Avec Vie contre vie, Tristan Garcia poursuit son Histoire de la souffrance en se renouvelant. Si le premier tome séduisait par son humour noir et un ton s’adaptant aux époques évoquées, dans ce deuxième volume le style se simplifie alors que la trame narrative devient plus complexe. Les personnages d’Âmes souffraient énormément. Même si ceux de Vie contre vie en bavent encore, le récit s’attache surtout, de siècle en siècle, aux recherches tâtonnantes pour supprimer cette souffrance. Cela s’accompagne d’une réflexion sur le progrès et la transmission des savoirs, tout en faisant de Vie contre vie une entreprise romanesque sans équivalent dans la littérature francophone, une formidable suite de neuf histoires entre l’an mil et la révolution française qui, avec celles d’Âmes, en composent une autre à l’échelle de l’humanité. Un troisième tome ira jusqu’au futur.

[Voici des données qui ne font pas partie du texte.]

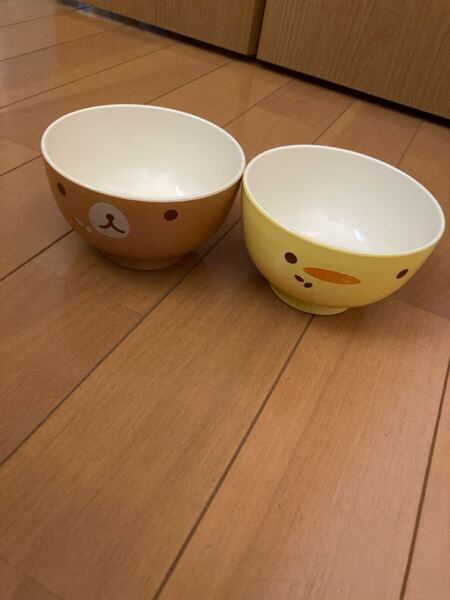 【送料無料】キッズ 茶碗 2点セット 食器 どんぶり お茶碗 リラックマ 子供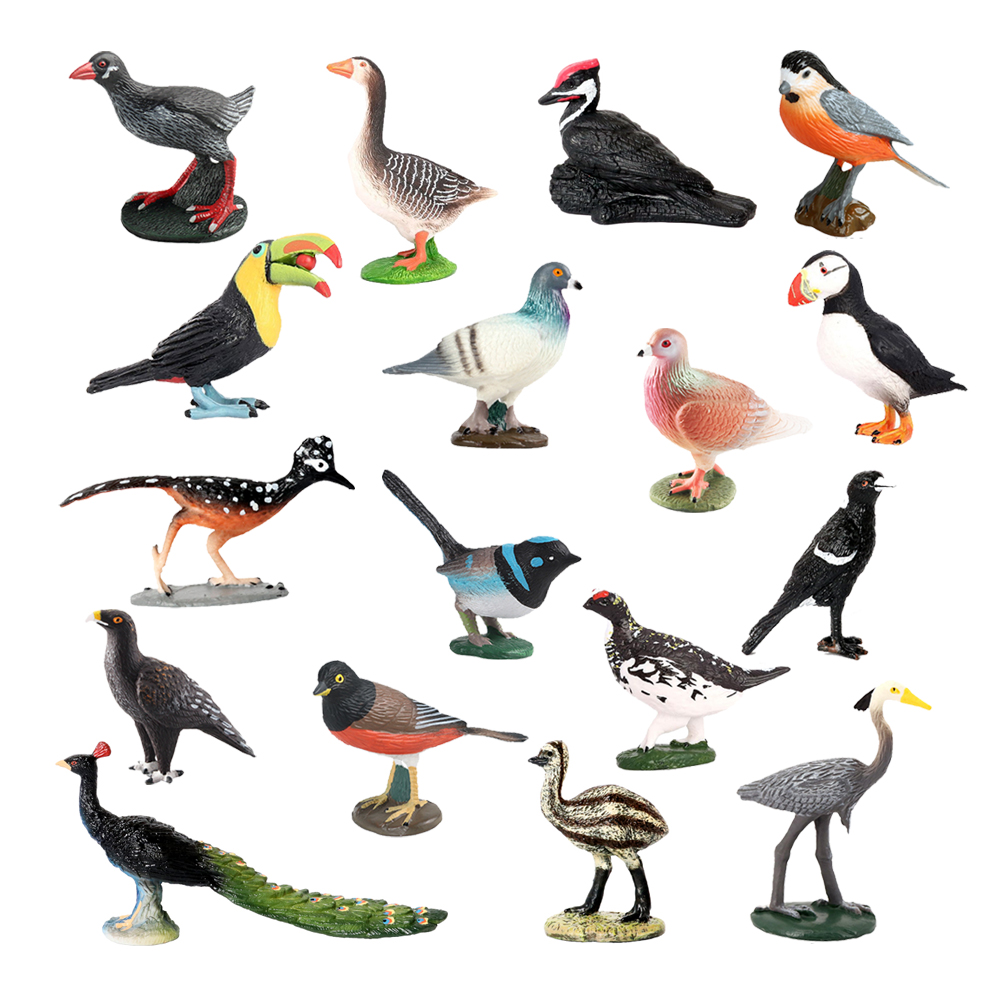 Kids Toys Reviews - Figurines d'animaux modèles Hibou Flamant Turc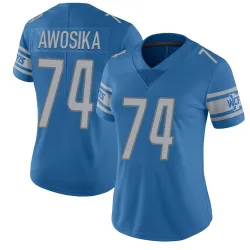 Women's Kayode Awosika Detroit Lions No.74 Limited Team Color Vapor Untouchable Jersey - Blue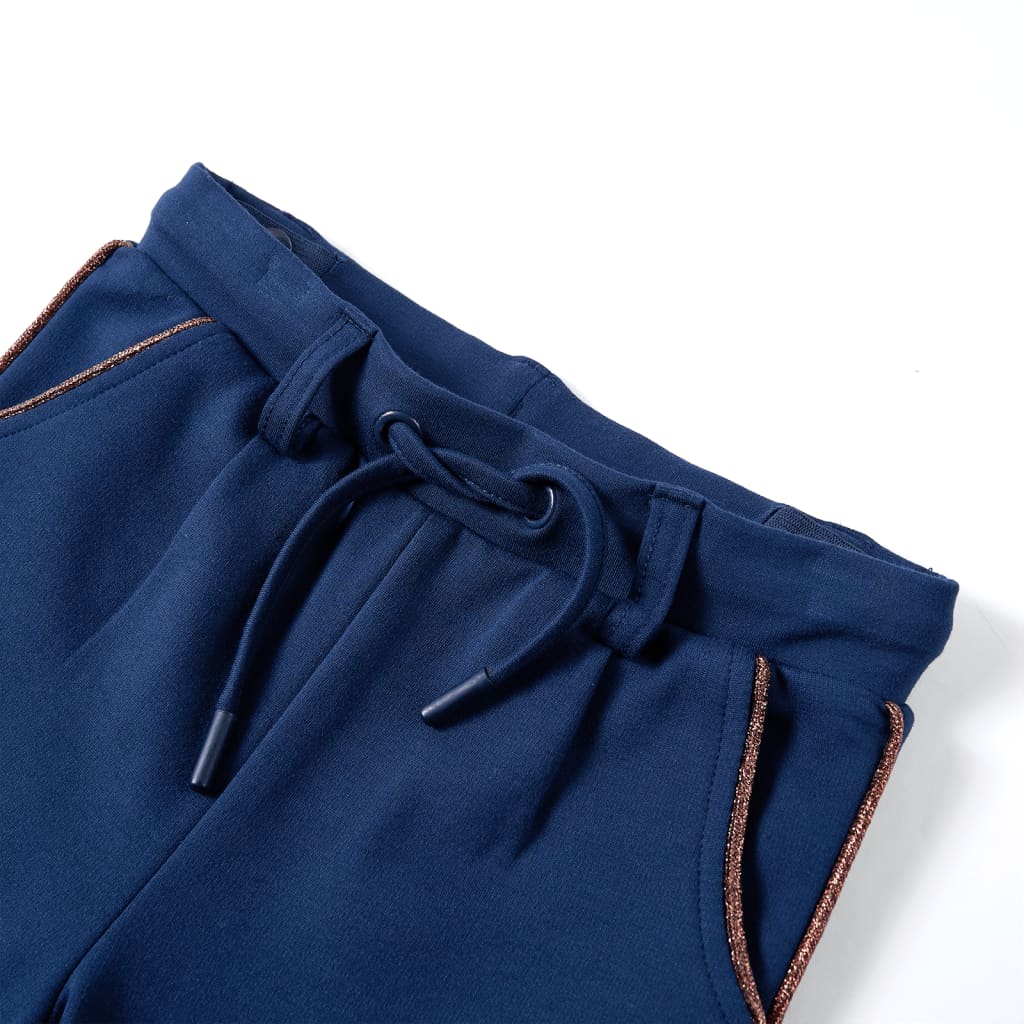 Kinderhose Mit Kordelzug Marineblau 104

Tristan Garcia, Vie contre vie. Histoire de la souffrance II. Gallimard, 704 p., 25 €
Le plaisir de raconter souffle d’un bout à l’autre sur Vie contre vie. Tristan Garcia utilise la charge imaginaire de la Grande Histoire, les palais d’Al-Andalus, le royaume vacillant de Jérusalem, les étendues sans fin de l’Empire mongol, les ambiguïtés culturelles dans la conquête de Cortès, les sorcières médiévales ou les Frères-de-la-côte de Tortuga. Fidèle à son projet de faire d’Histoire de la souffrance une épopée des humbles, plutôt que de s’intéresser aux têtes d’affiche, il se glisse dans les interstices de l’Histoire. Les premiers rôles reviennent à ceux qui gravitent dans l’orbite des Grands Hommes et qui en sont éjectés, les courtisanes, les assistants, les traducteurs ou interprètes envoyés accomplir une mission obscure, et qui sont oubliés. Ou aux sans-grades : fille de cuisine, servante, esclave. Vie contre vie s’aventure aussi dans des espaces-temps peu arpentés par la fiction : l’Empire du Mâli naissant ou Birmingham à l’aube de la révolution industrielle.

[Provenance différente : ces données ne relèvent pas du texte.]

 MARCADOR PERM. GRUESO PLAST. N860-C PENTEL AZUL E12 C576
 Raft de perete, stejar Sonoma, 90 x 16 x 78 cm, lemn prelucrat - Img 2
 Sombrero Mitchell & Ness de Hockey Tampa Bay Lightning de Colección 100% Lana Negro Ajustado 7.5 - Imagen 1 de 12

L’ambition du projet pourrait effrayer, elle est pourtant réalisée car chaque histoire existe en elle-même et, contrairement à d’autres romans du même ordre, qui sombrent vite dans l’uniformité, elle se déploie sur le nombre de pages qui lui est nécessaire (entre 17 et 160). Entreprise réussie, aussi, parce que Tristan Garcia, tout en inscrivant ses récits dans l’Histoire du monde, s’arrange librement avec la réalité.

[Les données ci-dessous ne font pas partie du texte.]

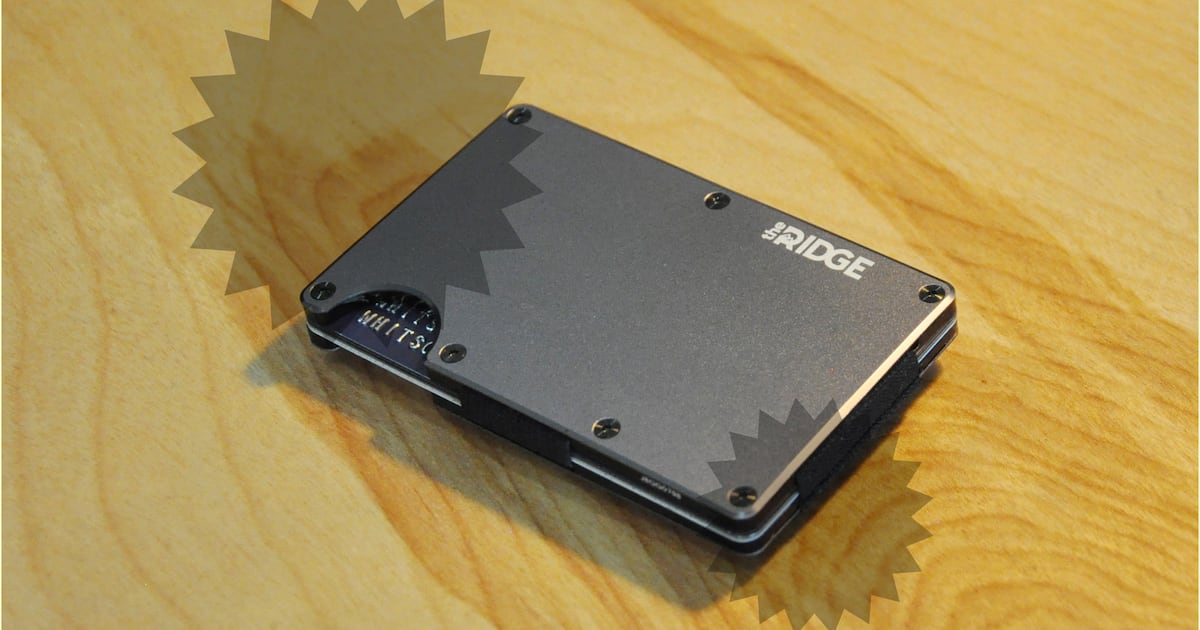 The Ridge Wallet Is the Perfect Tiny, Minimalist Wallet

Au passage, il rend hommage aux genres qui l’ont inspiré. L’uchronie : Constantinople en 1229 abrite à la fois des Mamelouks et des croisés ; le fantastique, à travers des visions du passé et de l’avenir ; le roman gothique et la science-fiction, une nuit de pleine lune dans une cave de Birmingham ; le roman-feuilleton : un personnage fait cinq pas puis la phrase suivante annonce qu’il s’est écroulé au bout de quatre, un autre se signe les mains attachées dans le dos ; le récit de voyage merveilleux à la Marco Polo. Les incohérences se concentrent d’ailleurs dans cette troisième histoire, où, au XIIIe siècle, un « traducteur » autodidacte rédige en route la relation de sa fuite à travers toute l’Asie. Les inexactitudes deviennent aussi un moyen d’interroger la nature des textes compilant le savoir au Moyen Âge.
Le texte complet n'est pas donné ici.